Acho que passa longe disso. Me parece um respiro do tipo "eu sei que você fez muitas coisas que eu não achava legal, que brigamos muito, mas vá lá, você tava dando seus pulos. Era o que tínhamos, cada um tava dando o que tinha pra dar".
É como se admitíssemos que não tivemos serenidade e lucidez para enxergar isso durante a vida. E que a morte do outro nos liberou para amolecer, coisa que, no fundo, desejamos fazer em vida, mas não conseguimos por conta de orgulho, cegueira, raiva etc.
Somos de extremos. A morte de alguma maneira nos nivela e coloca os julgamentos em xeque. Será que vale sustentar a ideia de que alguém precisa cair no nosso agrado para ser respeitada no direito de ser como é?
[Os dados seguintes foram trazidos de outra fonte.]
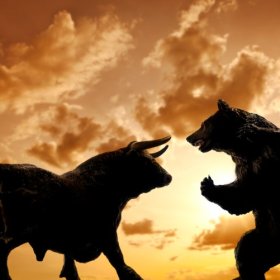 Tom Lee Points To Quarter-End Window Dressing As Bitmine Adds $43 Million In ETH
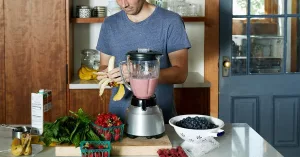 5 Delicious Diabetes-Friendly Smoothies 5 Delicious Diabetes-Friendly Smoothies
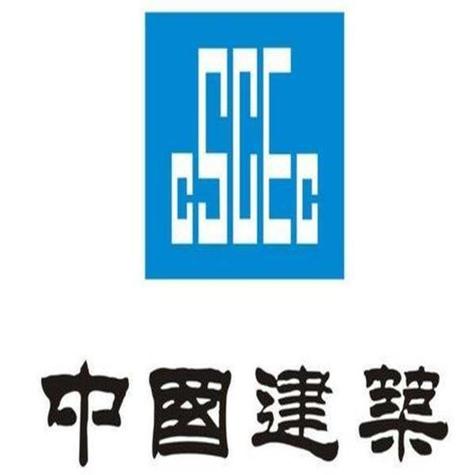 中国建业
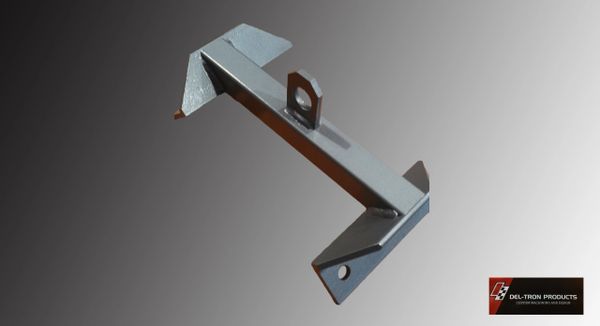 SBC ENGINE 265-400 CID LIFT BRACKET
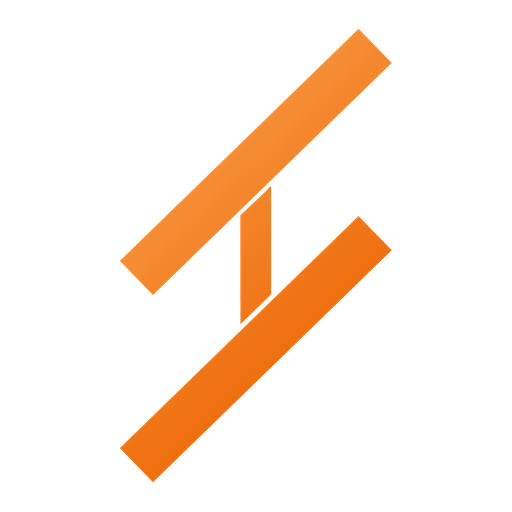 Stryde logo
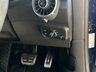 USED 2017 17 AUDI TT 2.0 TFSI S LINE 2d 227 BHP 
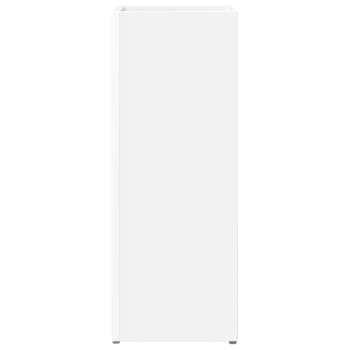 Preview: 899415_6.jpg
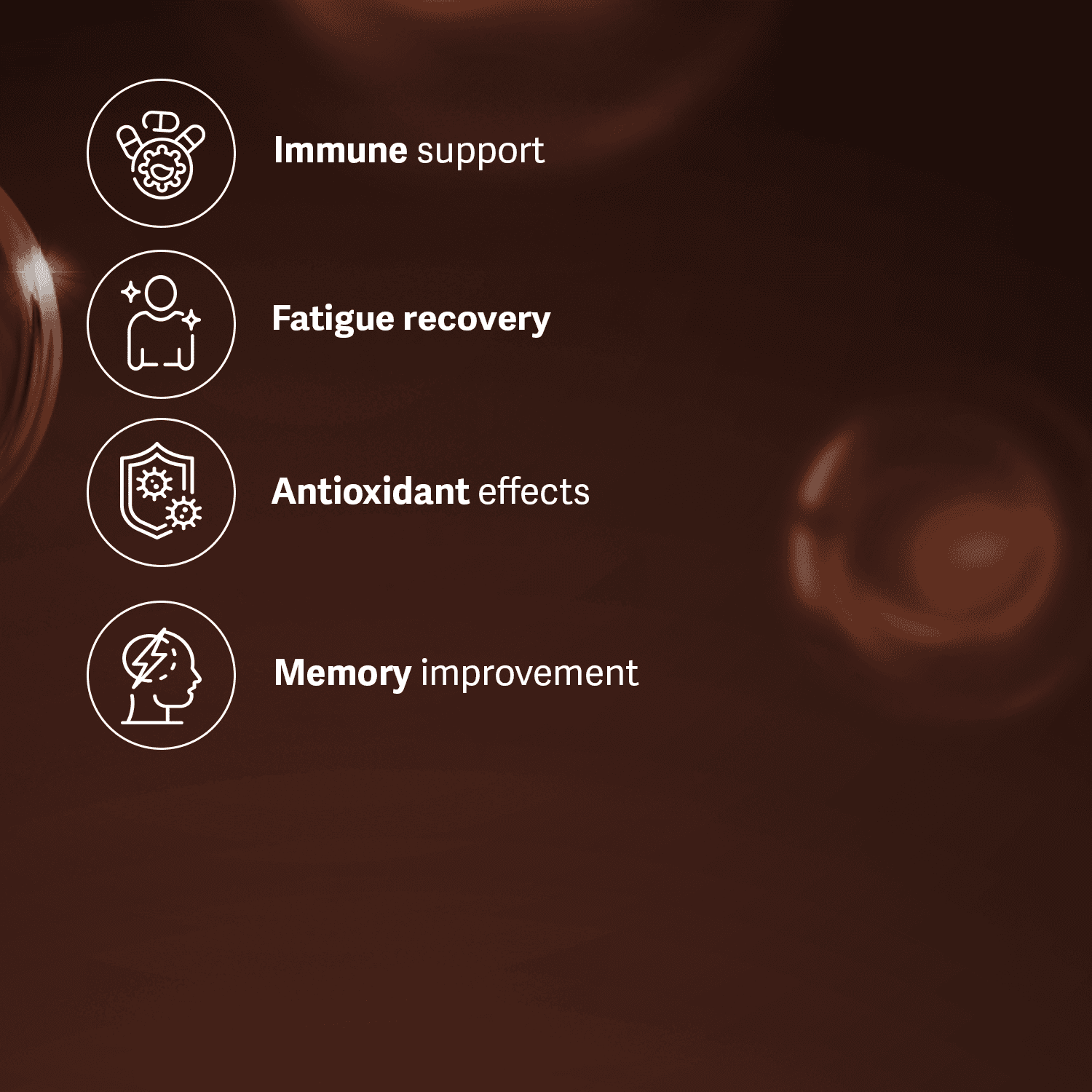 [Special Deal] 6 Year Old Red Ginseng Direct • 12-Month Supply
Talvez com a morte as pessoas se sintam livres da possibilidade de cometer novos "erros" e aí consigam baixar a guarda. Em vida somos covardes para tirar a arma do bolso enquanto o "inimigo" está de pé ameaçando nossa tranquilidade.
Alguém poderia contestar dizendo que o problema não está em humanizar a pessoa. Que o problema está na idolatria repentina causada exclusivamente pela morte. Isso é que causa indignação em alguns.
Desconfio que essa idolatria talvez seja nós mesmos repensando e perdoando nossas próprias fragilidades.
A condição do homem é a finitude ou "memória da morte". É a informação constante de que você vai morrer. Por não sabermos como lidar com essa finitude, quando nos deparamos com o fenômeno morte, sobrevem o estranhamento - estamos vivos e, por isso, um corpo sem vida nos é estranho - e, em muitos casos, a compaixão pelo morto. De forma inconsciente, também experimentamos a admiração por alguém que lutou contra o seu "destino" (destino aqui entendido como a morte em si; salvo exceções, tudo o que fazemos durante nossa existência tem como objetivo nos manter vivos) e perdeu; nos tornamos cúmplices, nos identificamos com a "luta" e a "resistência", nos reconhecemos no morto. Eis porque, governadores, quando mortos, se tornam os melhores governadores da história; porque cantores quando mortos acabam se tornando os melhores cantores da história seja do sertanejo, brega, pop ou rock . Isso, claro, enquanto durarem a catarse e o estranhamento provocados por sua morte.
A morte nos faz perceber como somos frágeis perto dela e que de tudo que construímos durante a vida fica somente as coisas boas, as más (brigas, discussões, desentendimentos) serve para vermos como era pequeno o problema e fácil de se resolver comparado a morte.
A compaixão com que olhamos para aqueles que já morreram deveria se manifestar também em vida!